Die Wirtschaft spricht von Aufschwung. Die Zahl der Arbeitslosen steigt.

Kann man unter diesen Vorzeichen den 1. Mai 1984 als Fest der Arbeit feiern?

Ein Blick auf die Geschichte zeigt, daß diese Feier immer verbunden war mit dem Wissen um die Probleme der Arbeitswelt — Arbeitsleid, Krisen und Konflikte -, aber auch mit politischen Forderungen, für deren Durchsetzung man kämpfte, deren Erreichung gefeiert wurde.

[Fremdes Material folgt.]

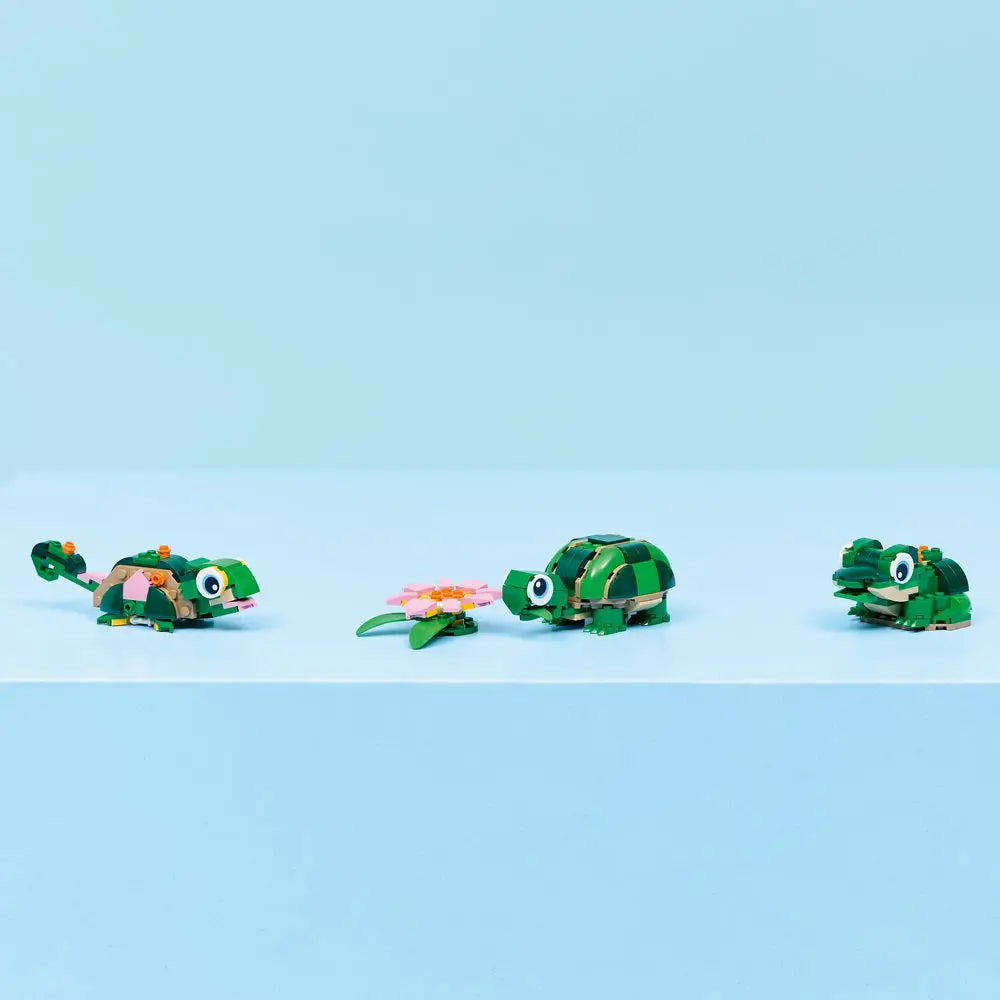 LEGO Creator 3-in-1 animal models displayed together on a clean surface, showing a turtle, alternate reptile build, and frog made from green plastic bricks with small nature accessories.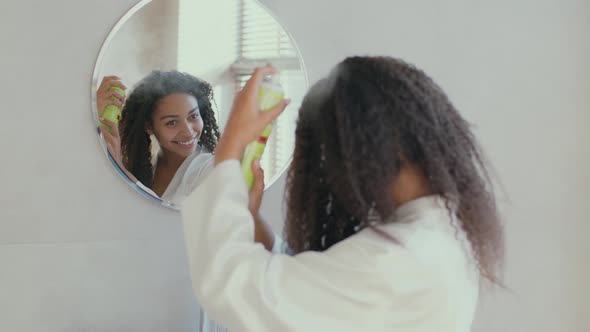 Young African American Woman Applying Hair Spray on Curly Hair Making Hairstyle at Home Looking at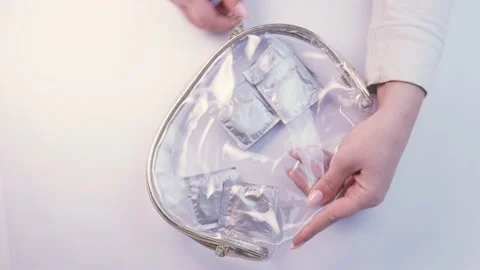 Condoms in transparent handbag Stock Footage 237497512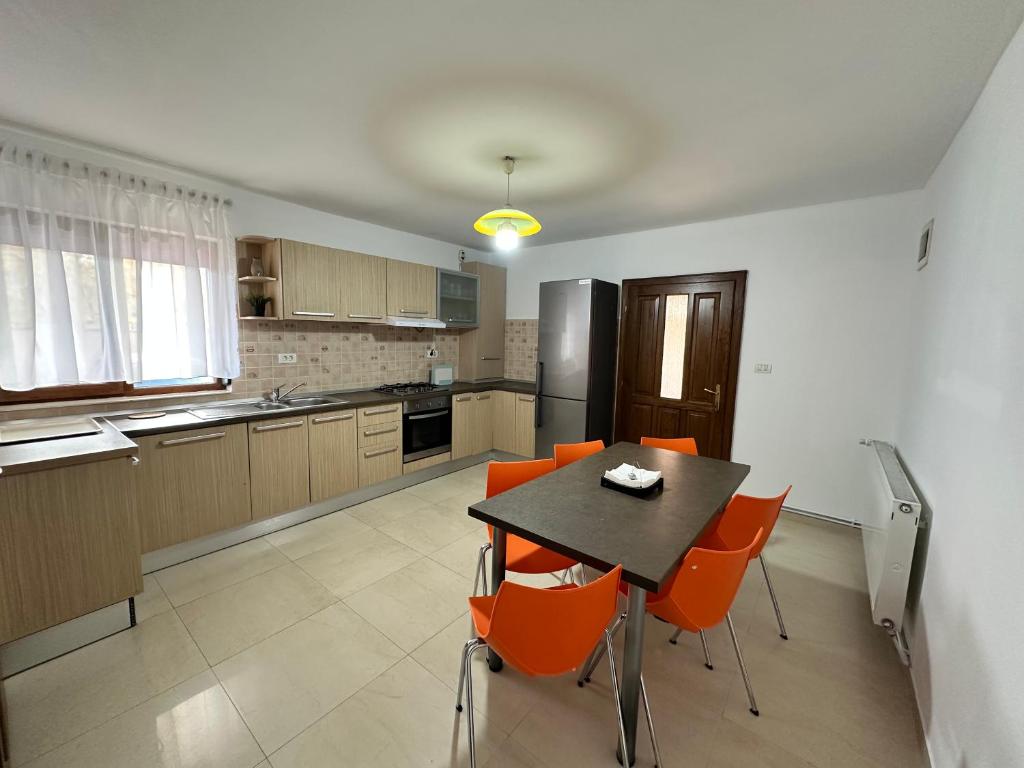 eine Küche mit einem schwarzen Tisch und orangefarbenen Stühlen in der Unterkunft Catana in Arad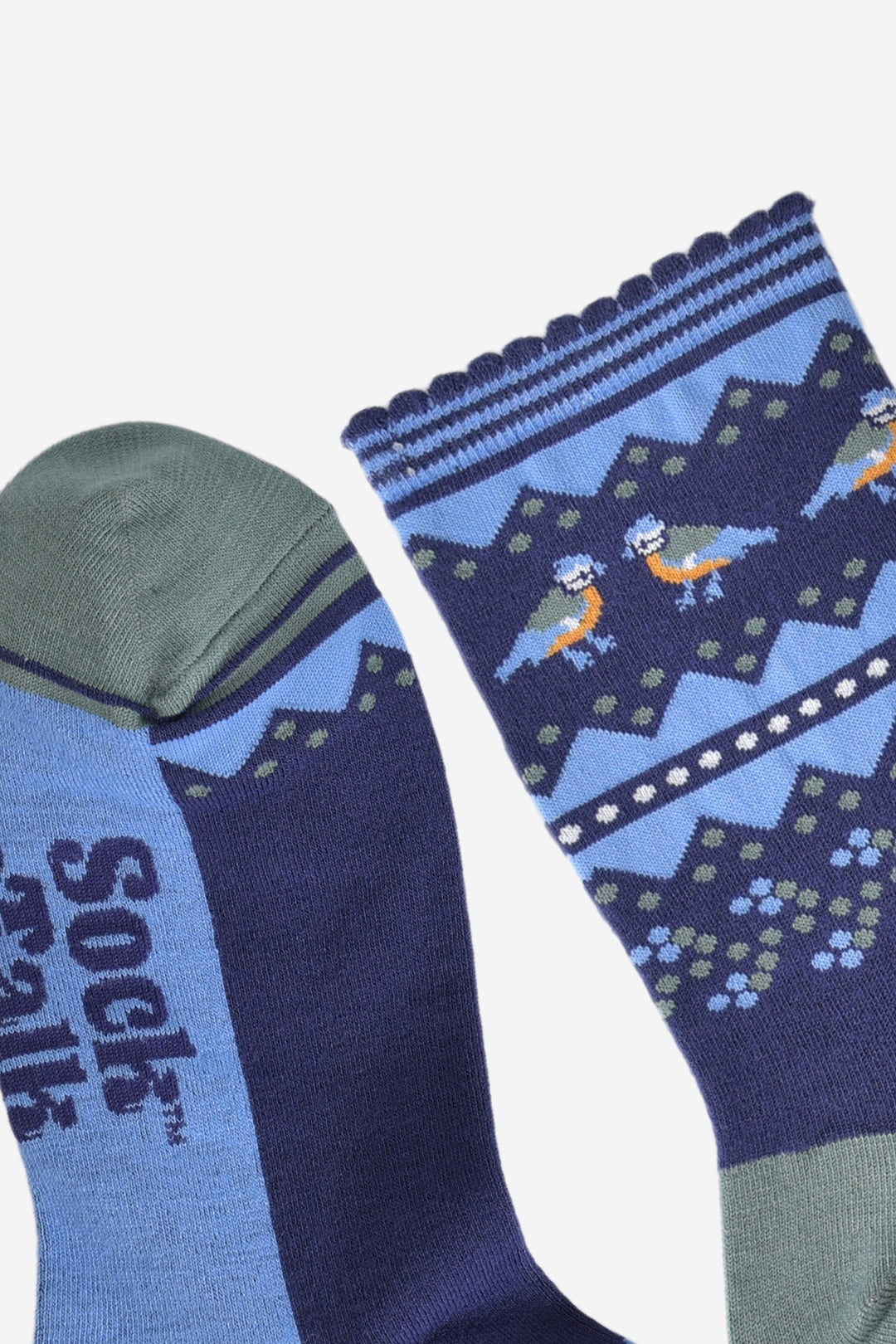 close up of the green toe and blue scalloped stripe cuff on the blue tit bird socks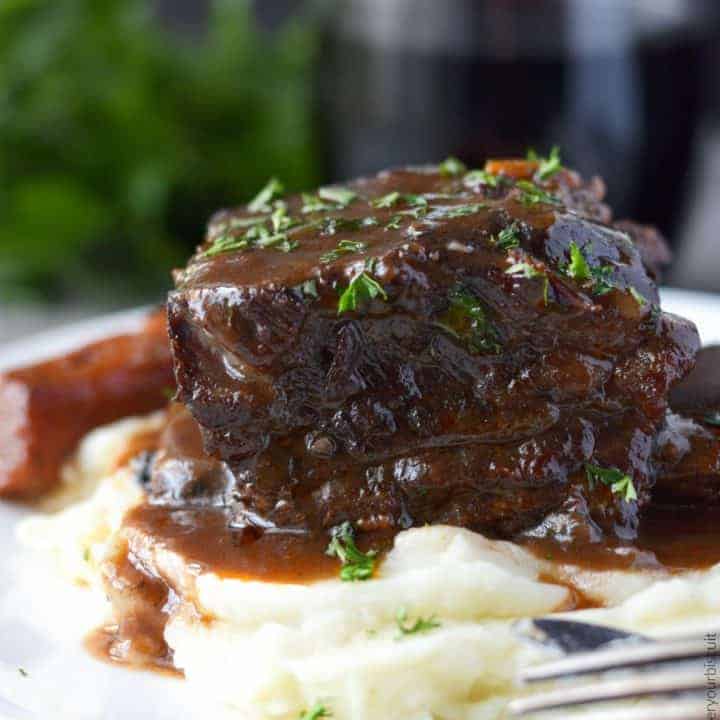 Beef short ribs braised in red wine on a plate with carrots and mashed potatoes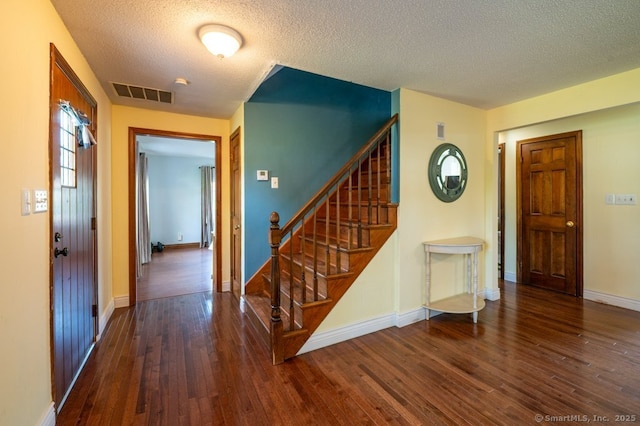 hallway with hardwood / wood-style flooring, a textured ceiling, stairs, and baseboards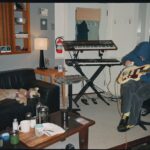 Clairo Instagram - Jack writing guitar parts for Zinnias and Joanie not giving a shit
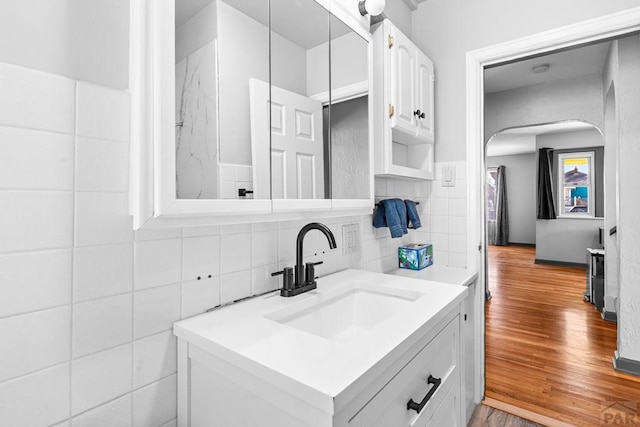 bathroom with wood finished floors, vanity, and tile walls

Bis vor wenigen Jahren konnte man sich der Illusion hingeben, diese Ziele seien erreicht, der 1. Mai könnte zur bloßen Erinnerungsfeier an die heroischen Zeiten der Arbeiterbewegung werden.

Heute, angesichts von Krise und drohender Arbeitslosigkeit, scheint vieles von dem, was mühsam erkämpft wurde, wieder verlorenzugehen:

Um überhaupt einen Arbeitsplatz zu bekommen, sind viele bereit, auch inhumane Arbeitsbedingungen auf sich zu nehmen,

Und um den eigenen Arbeitsplatz zu sichern, werden Gastarbeiter nach Hause und ältere Mitarbeiter in Pension geschickt.

Aus Angst um Arbeitsplätze stiöimt man ein in den Ruf nach besserer Auslastung der Maschinen — mit der Folge inhumaner Arbeitszeiten; nach „Erhaltung der Wettbewerbsfähigkeit" — mit dem Verzicht auf Reallohnerhöhung (oder auch Reallohnverlust), und nach Verbauung auch der letzten Alpentäler und Au-landschaften — um der Arbeitsplätze in der Bauwirtschaft willen. Und letztlich wird es dann auch um der Arbeitsplätze willen einsichtig, daß wir eben Waffen in Länder liefern müssen, in denen die Bevölkerung unterdrückt wird — wenn wir es nicht tun, tun es ja andere?

Kann man unter diesen Vorzeichen das Fest der Arbeit feiern?

Sicher kann man über einzelne Maßnahmen geteilter Meinung sein. Das eigentlich Besorgniserregende ist, wie schnell unter erschwerten Bedingungen die Perspektiven verkümmern und die entscheidenden Leitwerte einer humanen Zukunftsentwicklung preisgegeben werden.

Feiern: Das bedeutet Distanz gewinnen von den alltäglichen Zwängen, sich zurückbesinnen auf das, was „am Anfang war" — im Falle des 1. Mai der Kampf der

Arbeiter für Wahlrecht und Acht-Stunden-Tag. Durch das Fest (jedes Fest) wird der geschlossene Kreis einer ökonomisch bestimmten Welt durchlöchert, der Blick auf die größeren Perspektiven frei.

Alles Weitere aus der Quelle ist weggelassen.